Una volta che l’utente aveva scaricato queste app, posto che un exploit pubblico consentiva di aggirare il processo di verifica della licenza, il codice malevolo in esse occultato operava il root del dispositivo (diventandone super utente) e iniziava a dragarlo alla ricerca di informazioni personali da comunicare a server esterni. Sotto questo profilo, Lipizzan si è dimostrato non poco “pettegolo”: tale malware, attribuito all’equipe di hacker “Equus Technologies”, sarebbe in grado di accendere il microfono per registrare l’audio e le chiamate, anche in VoIP, e di scattare foto o realizzare screenshot.

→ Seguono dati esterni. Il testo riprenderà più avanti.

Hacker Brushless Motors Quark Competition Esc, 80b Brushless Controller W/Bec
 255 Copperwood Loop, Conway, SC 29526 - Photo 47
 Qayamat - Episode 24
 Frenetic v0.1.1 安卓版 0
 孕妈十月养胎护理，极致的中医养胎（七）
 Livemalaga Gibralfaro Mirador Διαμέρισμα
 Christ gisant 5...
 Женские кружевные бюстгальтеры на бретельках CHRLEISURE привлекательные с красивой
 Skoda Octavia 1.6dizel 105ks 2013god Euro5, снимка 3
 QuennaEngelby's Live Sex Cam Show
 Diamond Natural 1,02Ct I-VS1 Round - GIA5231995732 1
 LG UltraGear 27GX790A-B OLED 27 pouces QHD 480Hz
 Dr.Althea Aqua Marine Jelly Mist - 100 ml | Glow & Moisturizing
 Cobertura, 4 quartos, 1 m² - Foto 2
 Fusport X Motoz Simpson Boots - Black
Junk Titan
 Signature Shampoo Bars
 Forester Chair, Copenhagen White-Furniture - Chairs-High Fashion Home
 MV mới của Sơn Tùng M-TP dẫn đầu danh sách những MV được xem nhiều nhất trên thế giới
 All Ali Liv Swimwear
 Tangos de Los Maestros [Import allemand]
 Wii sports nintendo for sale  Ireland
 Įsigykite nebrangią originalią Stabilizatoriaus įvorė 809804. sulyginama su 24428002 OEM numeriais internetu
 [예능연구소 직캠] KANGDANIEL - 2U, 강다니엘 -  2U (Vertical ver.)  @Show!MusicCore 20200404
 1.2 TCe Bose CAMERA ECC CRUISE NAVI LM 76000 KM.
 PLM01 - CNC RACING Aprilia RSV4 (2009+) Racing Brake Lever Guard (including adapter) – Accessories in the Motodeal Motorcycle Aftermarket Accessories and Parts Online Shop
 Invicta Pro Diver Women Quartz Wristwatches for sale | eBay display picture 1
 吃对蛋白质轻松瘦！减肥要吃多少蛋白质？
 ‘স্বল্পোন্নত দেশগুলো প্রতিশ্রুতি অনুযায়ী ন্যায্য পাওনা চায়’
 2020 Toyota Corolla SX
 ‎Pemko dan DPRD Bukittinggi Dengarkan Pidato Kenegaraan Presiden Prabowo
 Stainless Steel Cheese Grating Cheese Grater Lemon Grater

Non solo, Lipizzan riuscirebbe anche ad accedere alle conversazioni di app famose (come Gmail, WhatsApp, Telegram, Skype, Hangouts, Messenger, Linkedin, Viber, Messaggi), attiverebbe la localizzazione, e acquisirebbe la cronologia (log) delle chiamate. Tutto materiale ottimo per un bel ricatto, o per qualcosa – se possibile – di peggiore.
Google è subito intervenuta rimuovendo tali applicazioni ma, invano, perché poco dopo il medesimo codice di Lipizzan è stato trovato anche in alcune app per prendere appunti, in registratori di audio, e in gestori di allarmi: a questo punto, Mountain View, dopo aver avvisato le vittime coinvolte nell’infezione di cui sopra, ha provveduto a inibire l’installazione – in locale – di qualsiasi app contenga il codice di Lipizzan.
Grazie a queste misure, Google è riuscita a contenere la diffusione del malware a circa 100 dispositivi ma, in ogni caso, la grande G fa sapere che, per tenersi più sicuri, è necessario aggiornare Android, e le relative patch di sicurezza (arrivate a Luglio), e fare attenzione in particolar modo quando si abilita l’installazione delle app da fonti sconosciute.